In a time and place like 2020, I’m sure I’m not the only person who not only craves for things to go back to some semblance of normality and homogeneity, but also tries to simultaneously avoid the monotonous nature and constant groundhog days we’ve collectively experienced for the past six months.
There’s a fine line to be tread between wanting change and being able to remove yourself from the safety blanket you currently experience. For bands like Future Islands, their safety blanket is the sound they’ve ever so slowly curated since forming in 2006, while the unknown is what fans will think of their new album As Long As You Are.

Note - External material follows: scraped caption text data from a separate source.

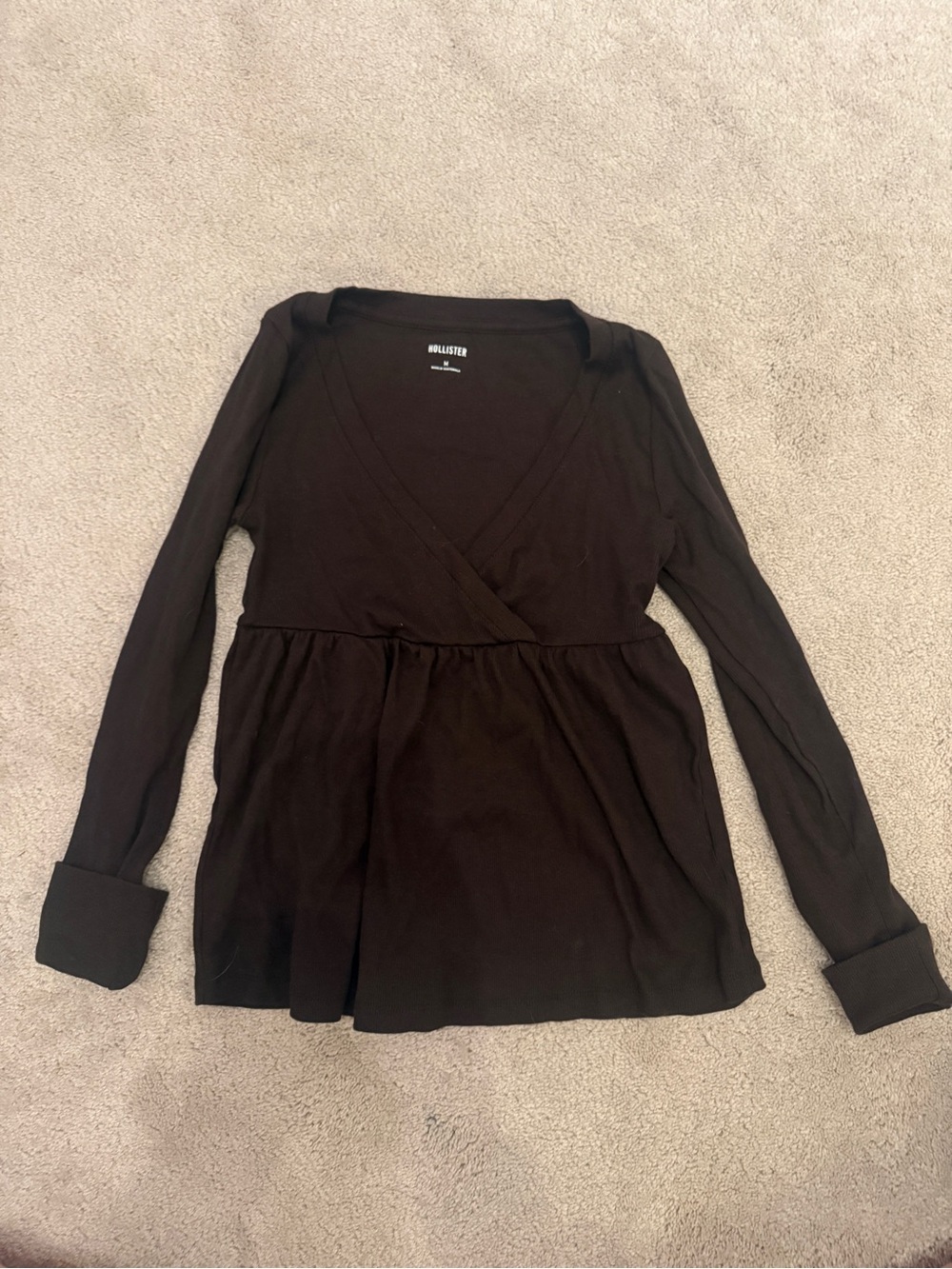 Hollister brown Long-Sleeve baby doll Top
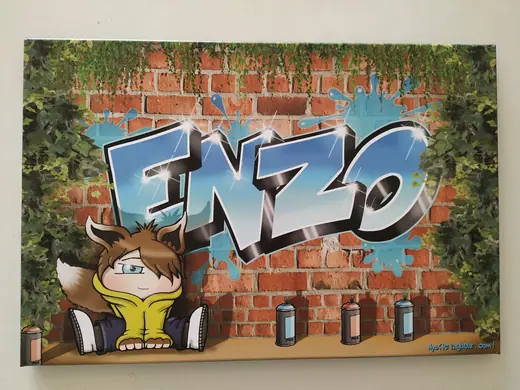 Tableau graffiti prénom sur toile Max Le Tagueur 3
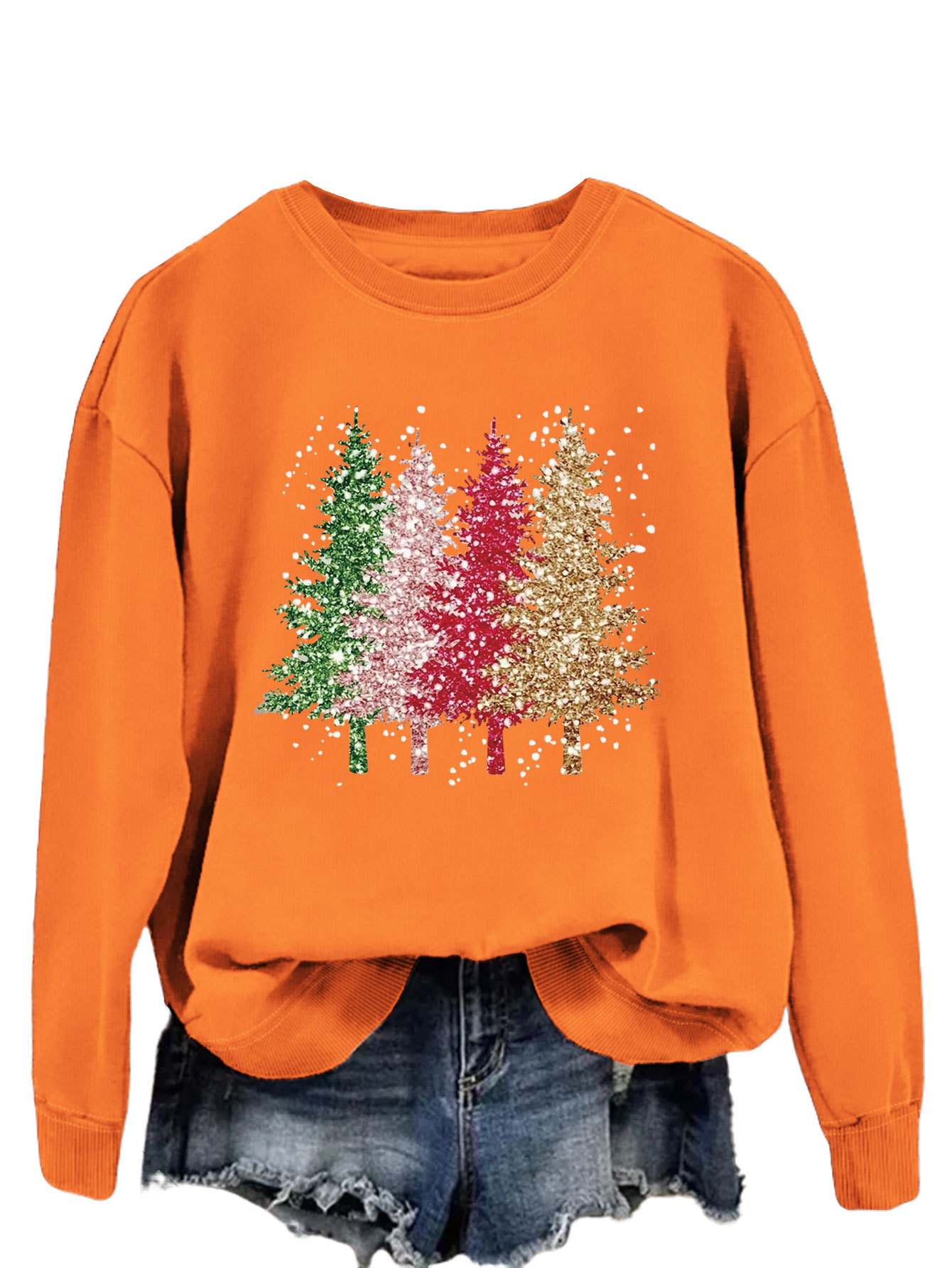 Round Neck Women's Long Sleeve Four Christmas Tree Sweater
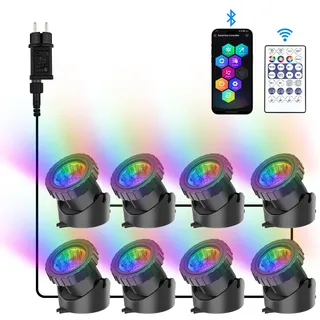NATPOW Teichbeleuchtung Unterwasser mit Bluetooth APP, Unterwasserbeleuchtung RGB Teichlicht mit Fernbedienung, IP68 wasserdicht, DIY Farbwechsel Gartenbeleuchtung für Garten, Patio, Baum(8 in 1)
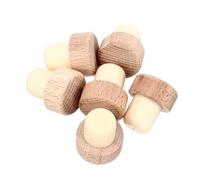 POPETPOP 6 piezas Tapones de Madera para Botellas de Vino Sellado Hermético de Usar y Reutilizable Accesorios de Vino de Madera de Haya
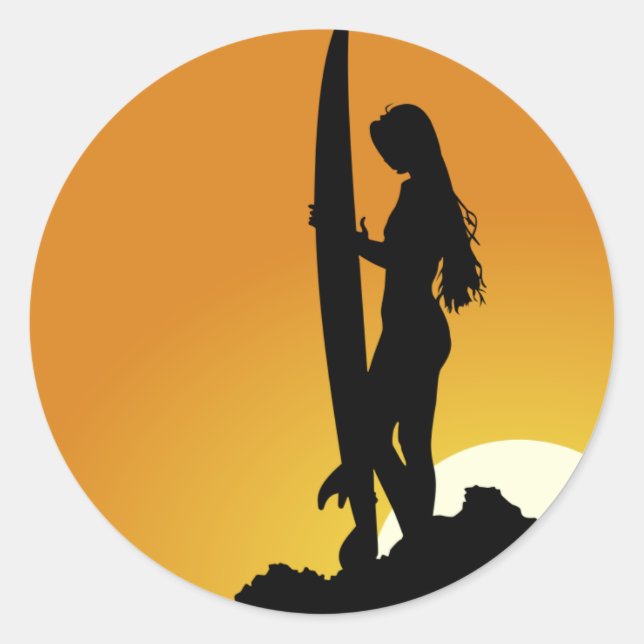 Surfer girl Silhouette Classic Round Sticker (Front)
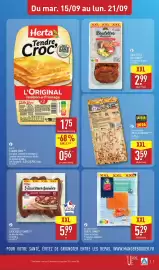 Catalogue ALDI semaine 38 page 9: LE MARSIGNY SAUCISSES FUMÉES €5,99, Pays Gourmand Tartes Flambées €3,59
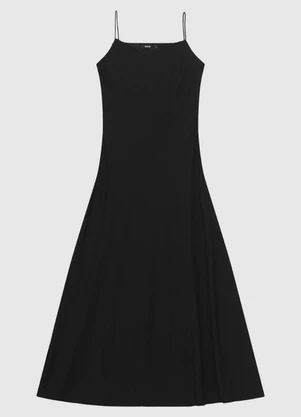 Enfim - Vestido Mídi Evasê em Tafetá Preto - ENFIM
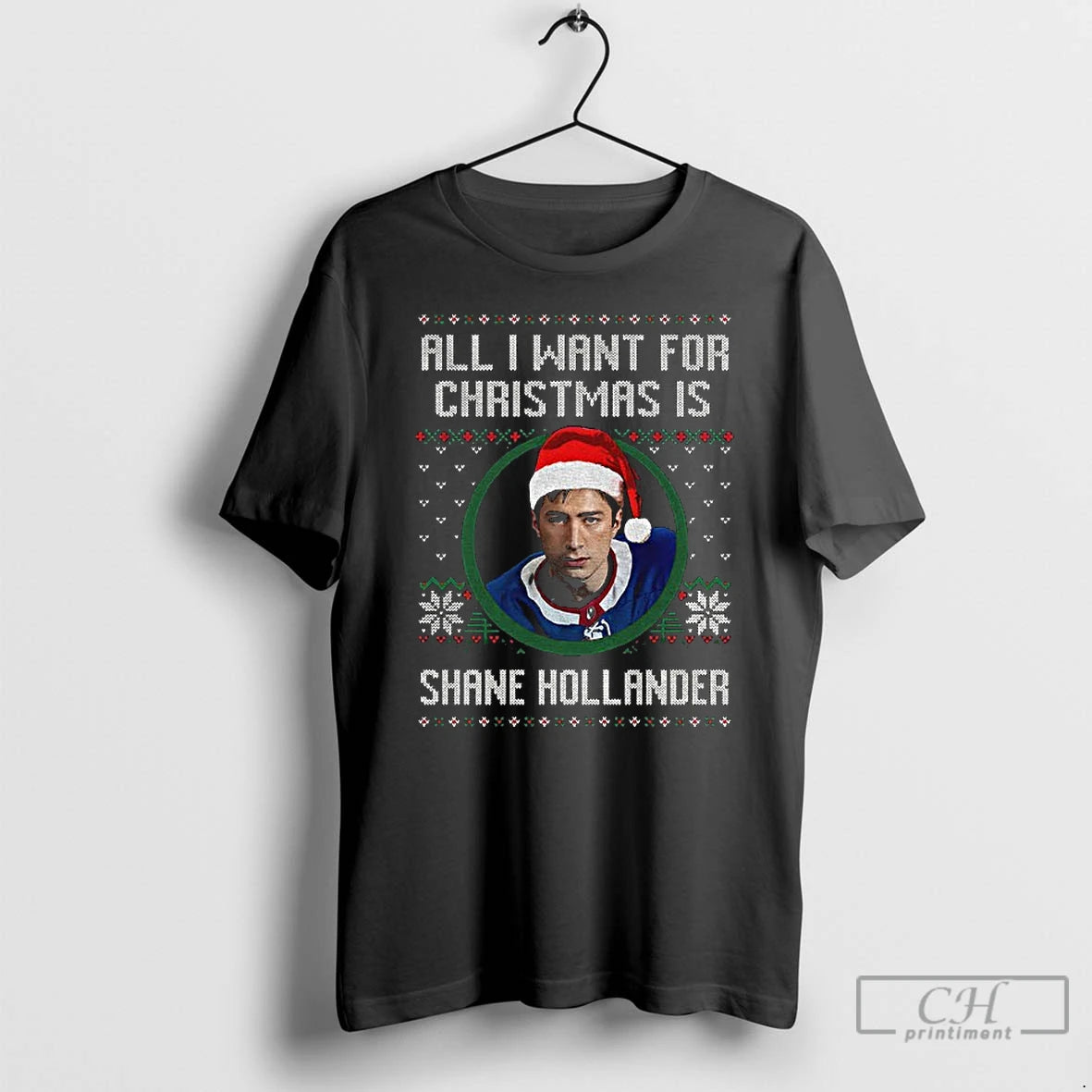Classic Shane Hollander All I Want For Christmas Is Merry Xmas T-Shirts, Hoodie, Sweatshirt | PrintMintTees.com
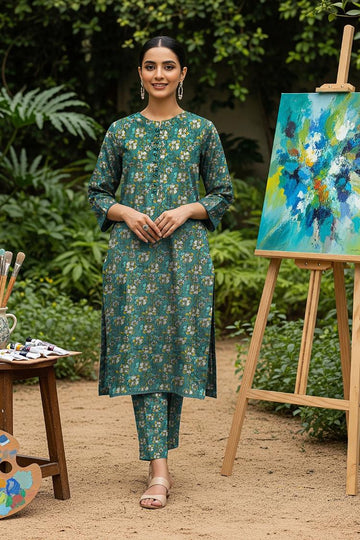 LS-2923 Ready -to -waer Premium Polo Linen 2-Piece Co-ord Set - Deep Aqua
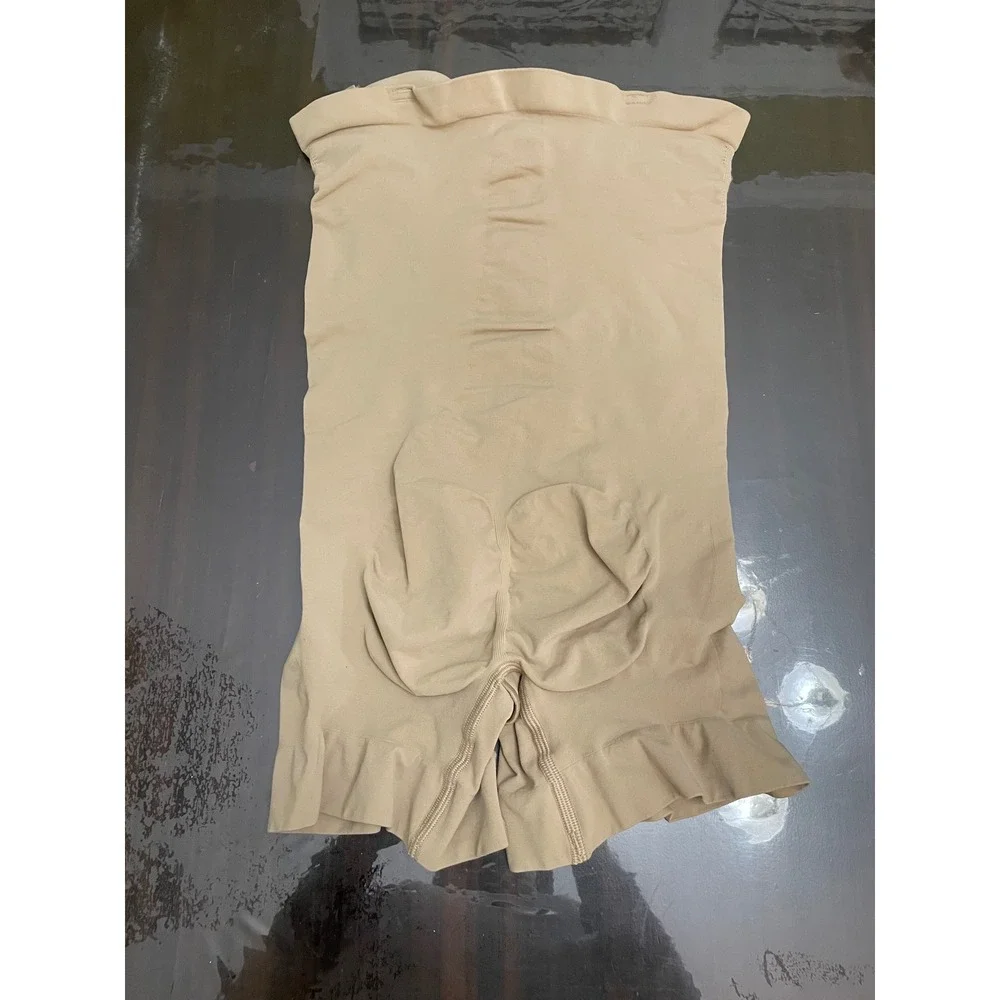 SKIMS Shapewear‎ Womens L/XL Beige Sculpting Short Mid Thigh Bodysuit High Waist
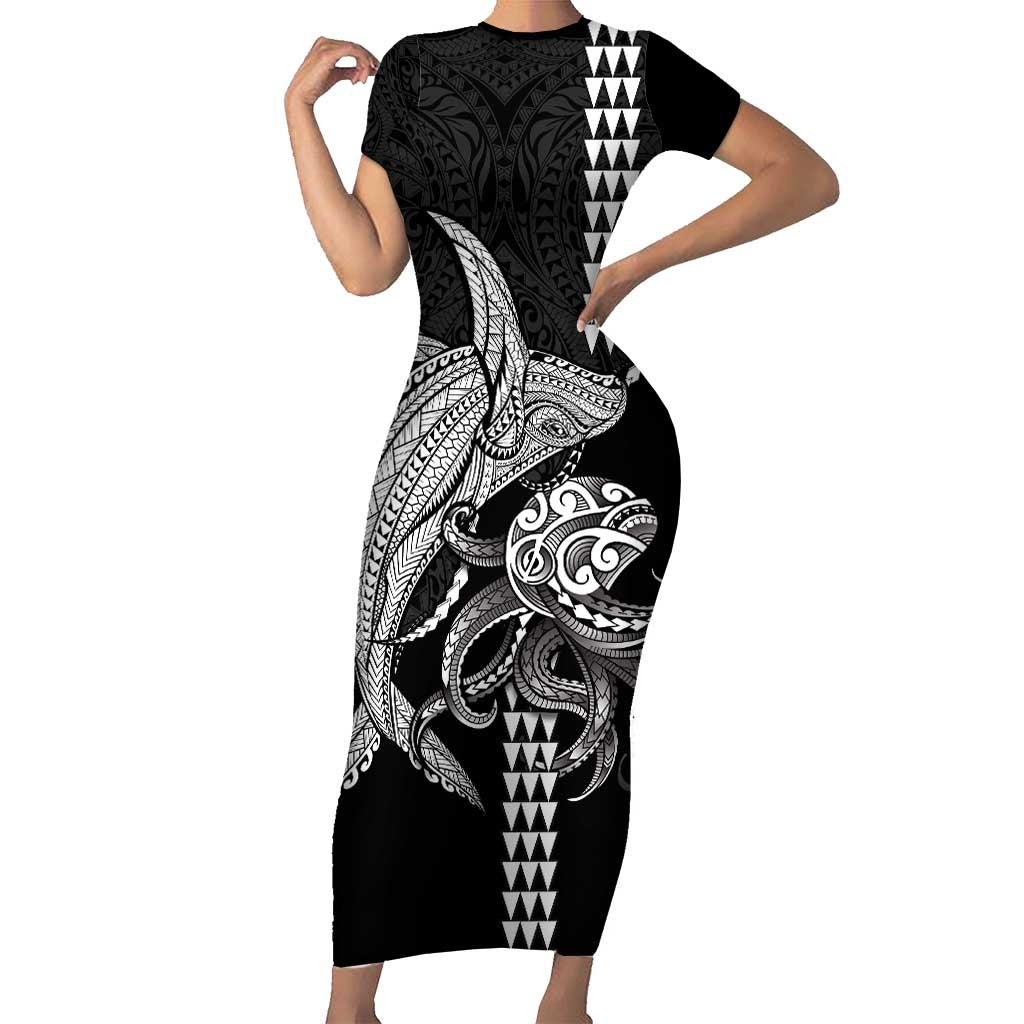 Kanaloa Aloha Hawaii Family Matching Short Sleeve Bodycon Dress and Hawaiian Shirt Humpback Whale Octopus Tattoo Kakau Pattern LT14 Mom's Dress Black - Polynesian Pride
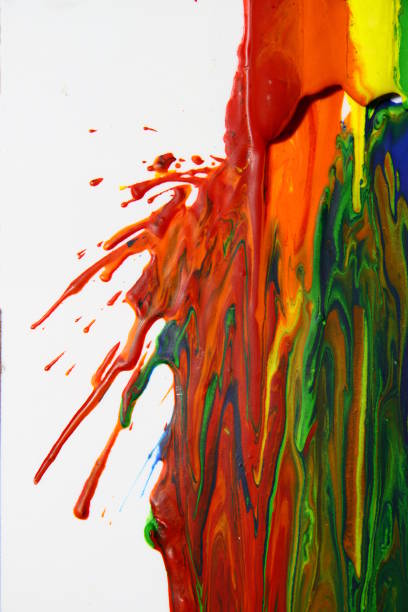 Melted crayons stock photo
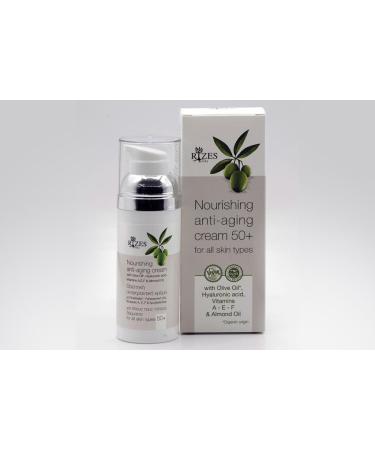 Rizes Rizes Original 50+ Anti-Aging Cream - With Hyaluronic Acid - Natural Cosmetics from Crete - Contains Precious Vitamins Organic Olive Oil and Almond Oil - 50 ml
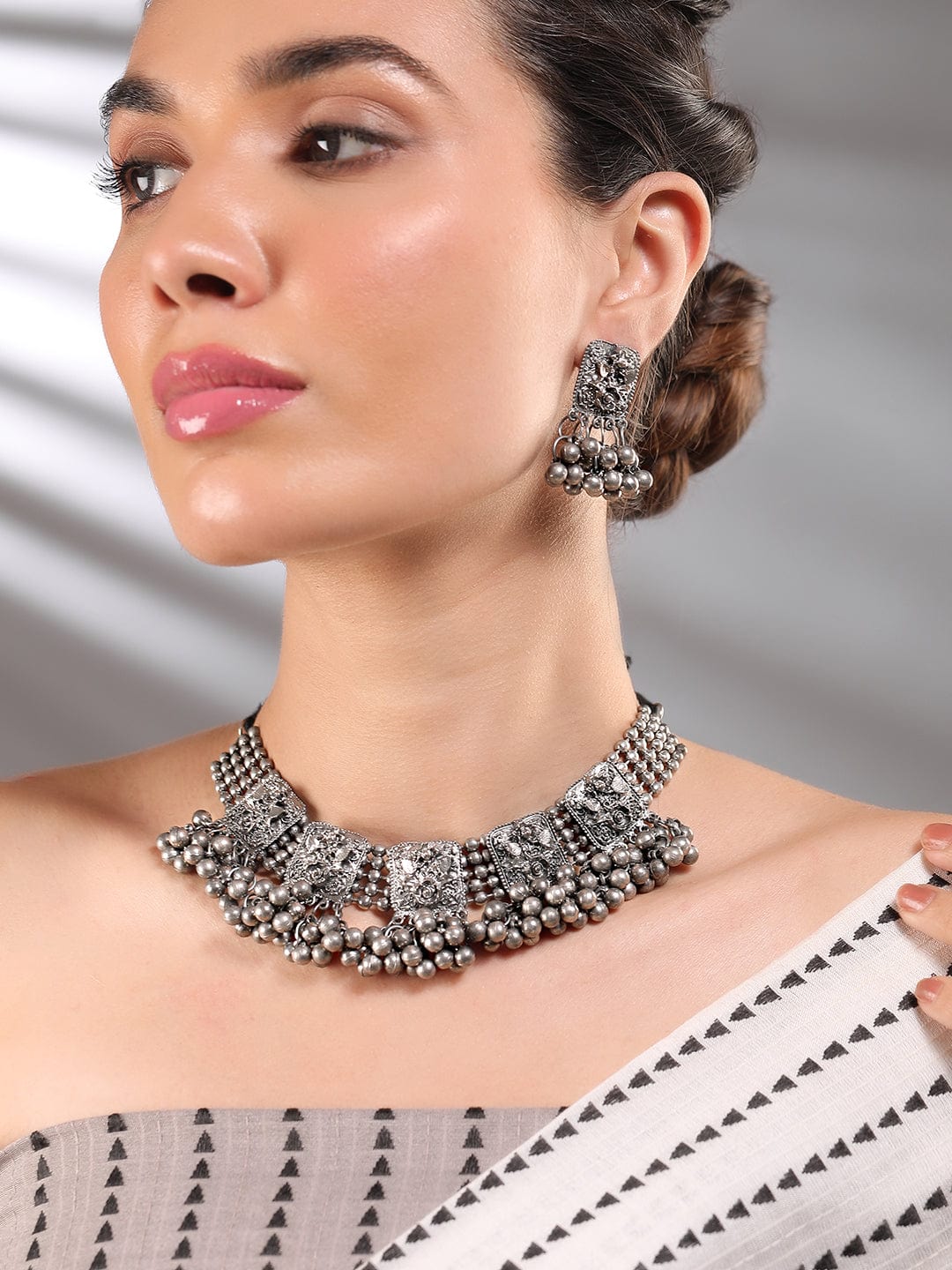 Oxidized Silver Bead Work Necklace Set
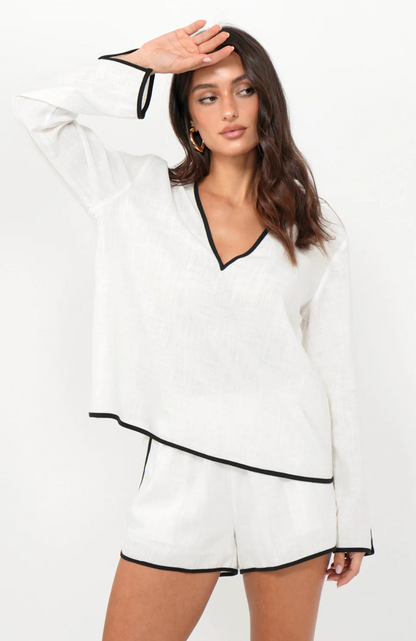 Beverly Linen Split Neck Collar Shirt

Returning three years since their The Far Field release, Future Islands are back with their now universally recognisable synth-driven sound, whilst also looking to embrace intimate and small changes to re-awaken themselves from the repetitive and cyclical times of 2020.
Having made a name for themselves on the back of their live performances and the outgoing nature of frontman Samuel Herring when behind the mic, As Long As You Are is Future Islands near to their euphoric best.
You know those songs that you can picture in a live setting, with the singer putting their all into the moment as the drama of the song’s 4 minutes sweeps through the venue? As Long As You Are is full of those moments.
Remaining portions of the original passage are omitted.